Figures 2 and 3 show representative western blots of phospho-MYPT1-T697 and -MYPT1-T855 and the corresponding Coomassie blue-stained actin content of each sample, as well as mean normalized protein phosphorylation levels as a function of pressure ± H1152 for RGAs and RCrAs, respectively. Basal levels of MYPT1-T697 and MYPT1-T855 phosphorylation were detected at 10 mmHg in both vessels (Figs 2A and B and 3A and B). The level of phospho-MYPT1-T855 was significantly increased at 80, 120 and 140 compared to 10 mmHg (Figs 2B and 3B), but MYPT1-T697 phosphorylation was unaltered even at 140 mmHg (Figs 2A and 3A).
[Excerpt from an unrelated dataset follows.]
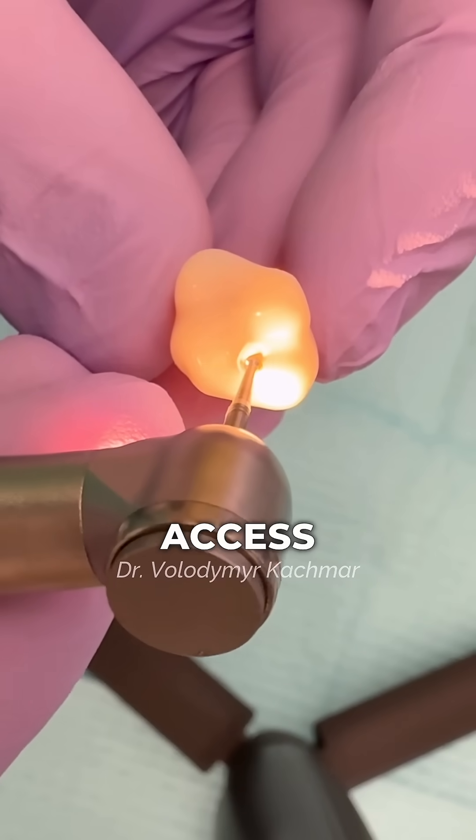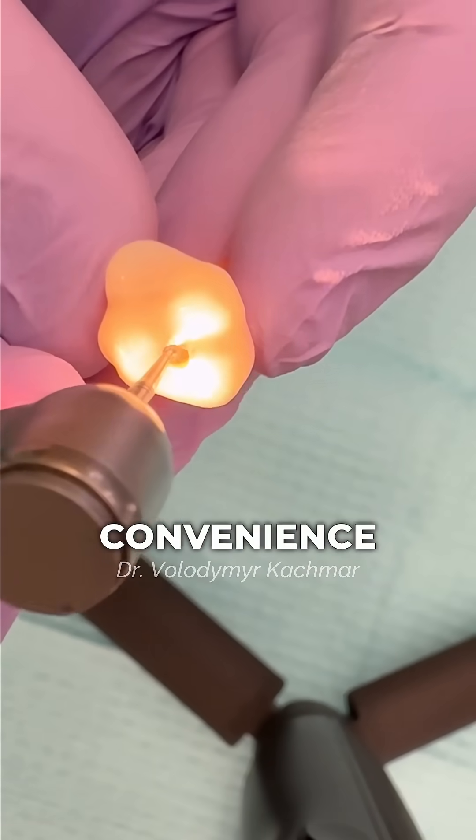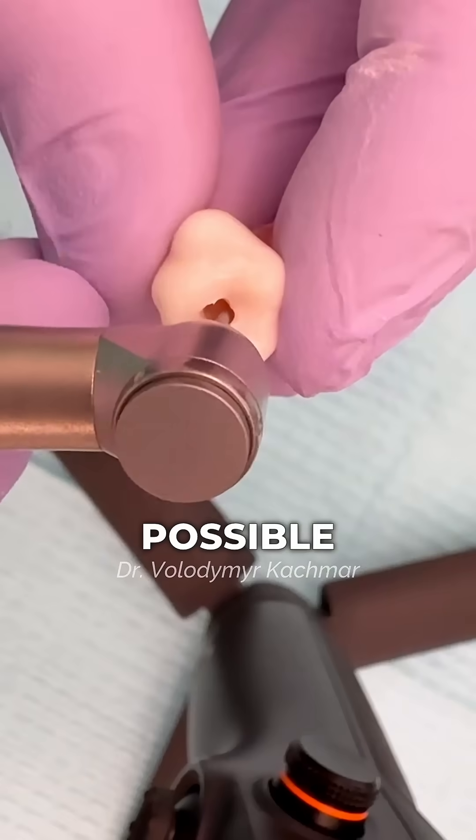First, create a perfect access. This step is crucial for convenience and preserving as much healthy structure as possible.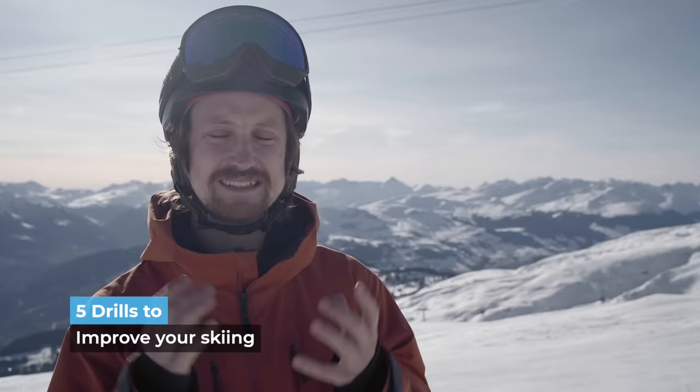Hey guys, we're out here in Lux today and I'm going to teach you 5 drills that can significantly improve your skiing, just like it did for me.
The pressure-induced increase in MYPT1-T855 phosphorylation was significantly reduced by H1152, but phospho-MYPT1-T697 content was unaffected by the ROK inhibitor over the entire pressure range of 10–140 mmHg.

image

Figure 2. Pressure elevation evokes Rho-associated kinase-mediated increase in MYPT1-T855 phosphorylation in rat gracilis arteries  A and B, representative blots of MYPT1-T697 and MYPT1-T855 phosphorylation and corresponding levels of actin in each lane (upper) and means ±s.e.m. of phosphoprotein content normalized to actin expressed as a fraction of the value at 10 mmHg (lower) in samples derived from rat gracilis arteries pressurized to 10, 80, 120 and 140 mmHg ± H1152 (0.5 μmol l−1) (n= 7 blots with 1–2 arterial segments per sample). #,*Significant difference (P < 0.05) from value at 10 mmHg and in control solution at each pressure, respectively. pMYPT1, MYPT1 phosphorylation.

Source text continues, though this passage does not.